Bizim ülke insanı olarak tutarlı bir kişisel ve toplumsal bir hayat yaşamayışımız bizim temel meselemiz. Yani insanlarla olan iletişimizden tutun dostluk arkadaşlık ilişkilerimize, iş hayatımızda veya eğitim veya hobi veya beceri elde etme anlamında son derece kırılganız ve tedbirli degiliz. Bu yüzden bu ülke gerçeklerini de düşününce birinin bize "İleriye doğru gitmeye devam et" ve "Asla vagzeçme" ve "Anı yaşa" demesi veya bunu kendimize dememiz çok manalı gelmeyebiliyor.
Oysa gerçekten de hayat bu üç şeye çok bağlı modern dünyada, ya duruyorsunuz ya devriliyorsunuz ya da pedalı çeviriyorsunuz. Bizlerin ülke gerçekleri içinde bakarsak durma lüksümüzde yok avrupalılar gibi. Çünkü br şey yapmadan duracağımız lüksümüzde olamaz. Çünkü ülke gerçeklerimizde hayatımız hem aile hem de devletin hemde çevremizin bakışları ve kötü etkileri altında.
Bu yüzden genelde durduğumuz ve hayatımıza yeterince ilgi göstermediğimizde düşüşümüz yavaşça olmuyor ve çok sert düşüyor ve adeta bvu aile devlet ve çevre denen kayalara çarpıyoruz. Aile ve devletin etkilerine açık kaldığınızde daha çok yaralanıyorsunuz. Çünkü Türkiye'de aile ve devlet empati ve insan odaklı değil, ailenin de devletin de tek derdi sahtede olsa dışarıya güçlü ve başarılı gözükmen ve sorunları halı altına süpürerek her şeyi inkar etmen ve itaat etmen ve herşey için senin suçlanman ve yargılaman esas. Bizim genel hayat anlayışımız bu. Zaten bütün politik sorunların kaynağıda bu.
İşte bu yüzden durmaya, vazgeçmeye ve geçmişe dönmeye hakkımız hiç yok bu ülkede. Sadece "İleriye doğru gitmeye devam et" ve "Asla vagzeçme" ve "Anı yaşa" demek zorundayız kendimize, yoksa Bakırköy Ruh Sağılığı Hastanesi'de borçlar ve kavgalarda her türlü bela musibette hepimize çok yakın. Çünkü kimse bizi dinleyip anlamak istemiyor. Ne ailemiz ne çevremiz ne de devlet.
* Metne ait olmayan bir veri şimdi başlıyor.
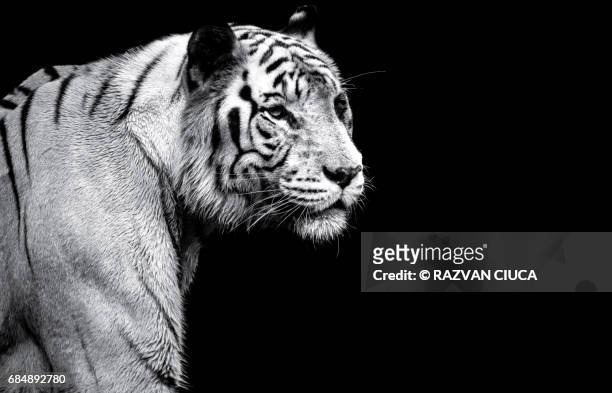 white tiger - endangered species stock pictures, royalty-free photos & images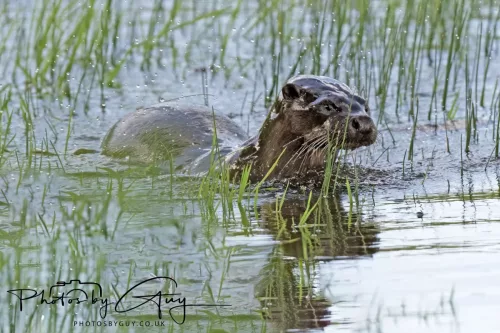 08 July 2025 - Otter in West Cumbria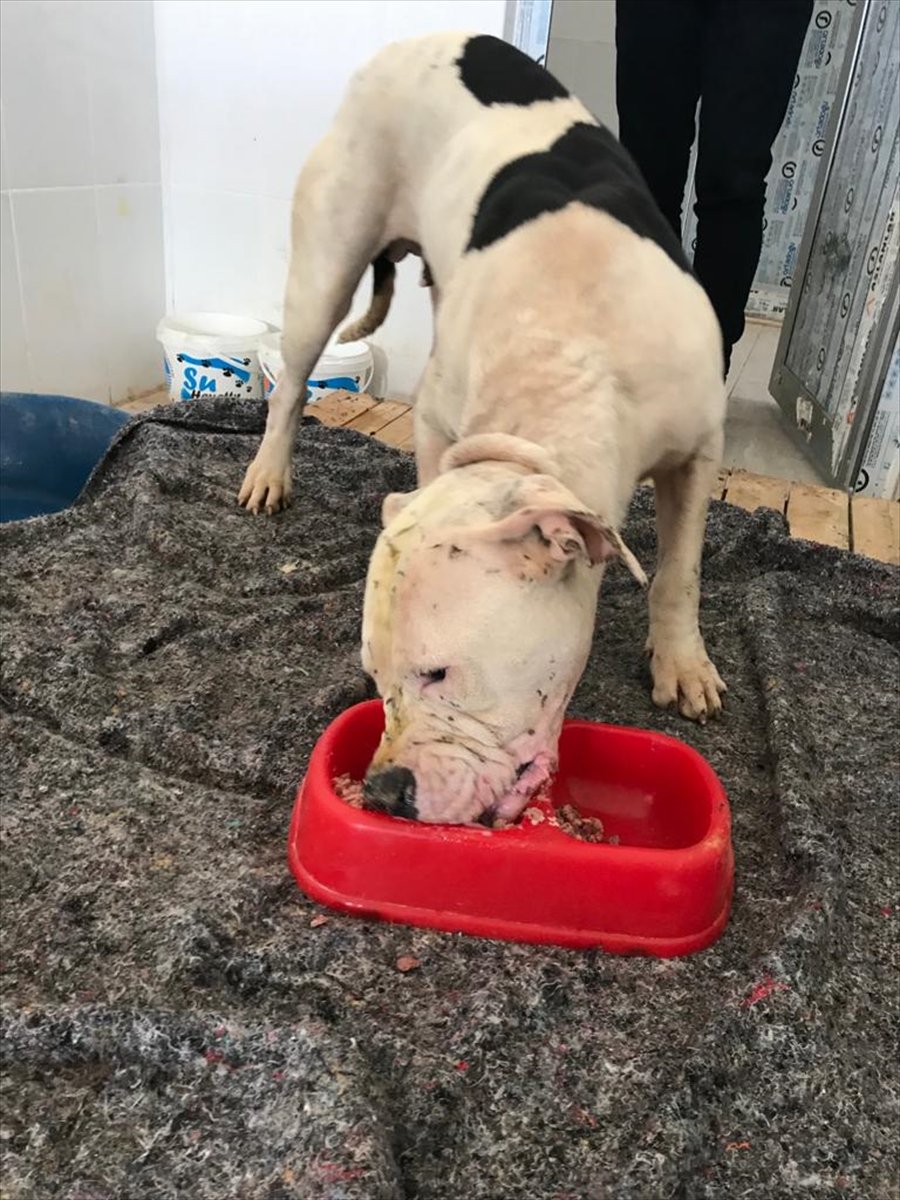 Mersin'de Hayvan Bakımevindeki Bir Köpeğin Kavgada Parçalandığı İddiası Yalanlandı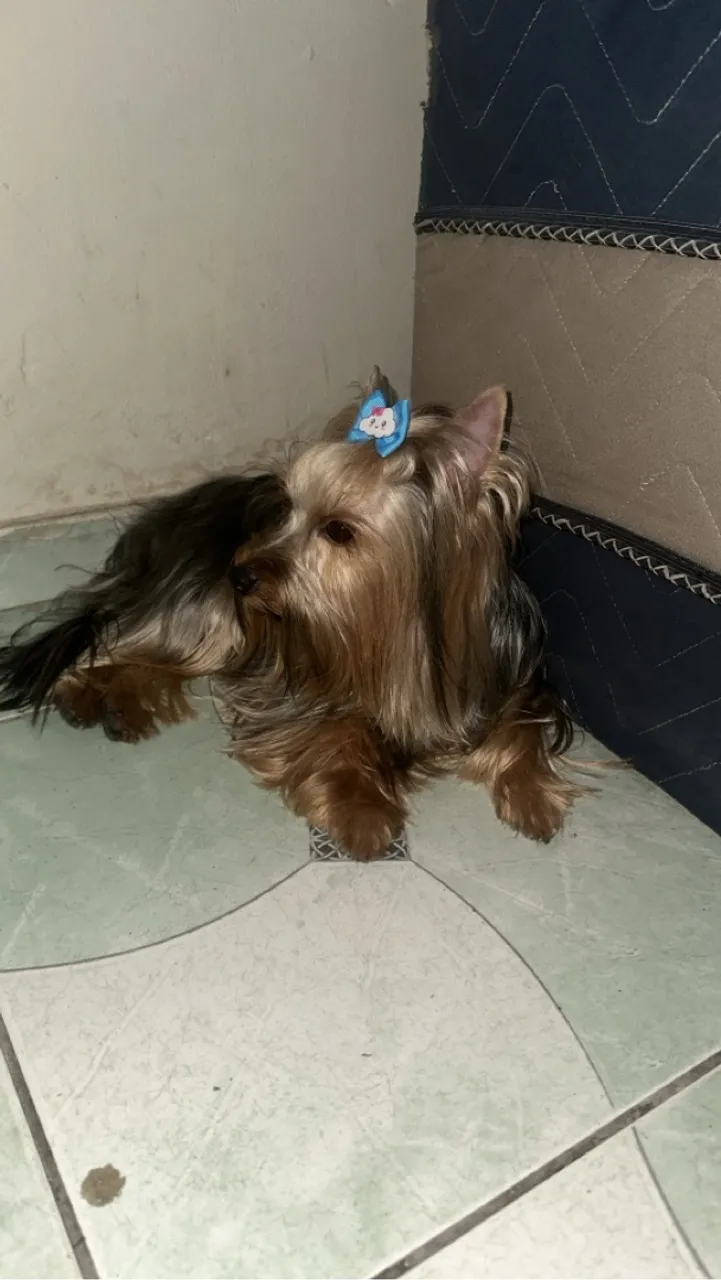 Yorkshire Terrier Filhote femea 
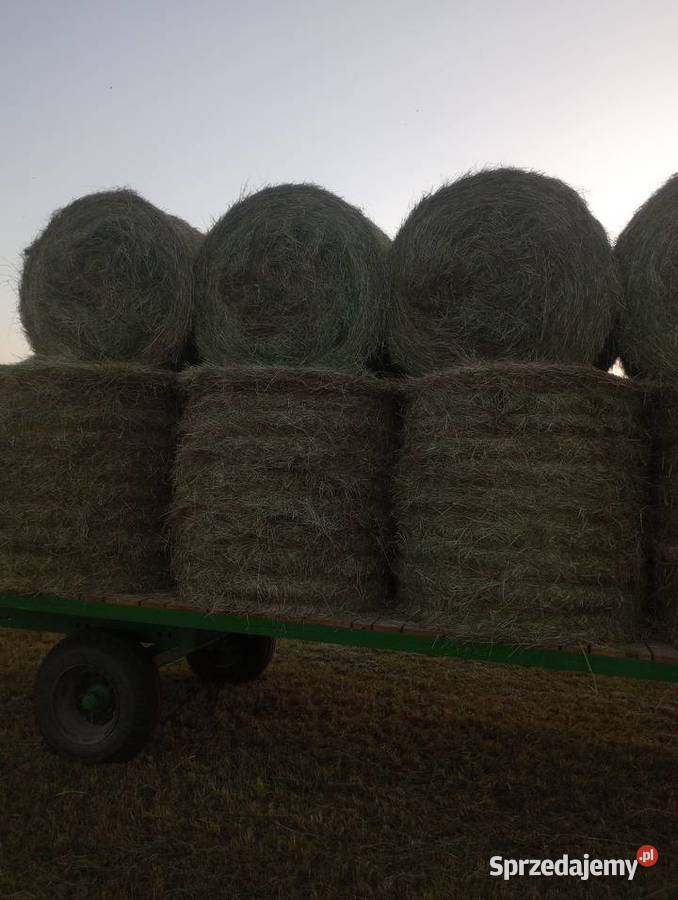 Prasa belująca welger rp12 Rolujące (belujące) Magnuszew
Bu yüzden en karanlık dönemlerde bile içindeki o kısık ışığı takip et, o ışık kısık ve cılız olsa da içindeki ruhundaki ışığa ve aydınlığa ve finansal veya ruhsal özgürlüğe açık bir tunel.. Yani herşeye rağmen geleceğine kendine inanmalısın.. Çünkü sen zaten şu halde bu ülkede hayatta kalmayı başardın, ailene, çevrene ve devlete rağmen hala nefes alıyorsun... Sen zaten kazandın bu savaşı sadece hareketini kesmemeye ve genişletmeye ve üretmeye devam etmeye ihtiyacın var.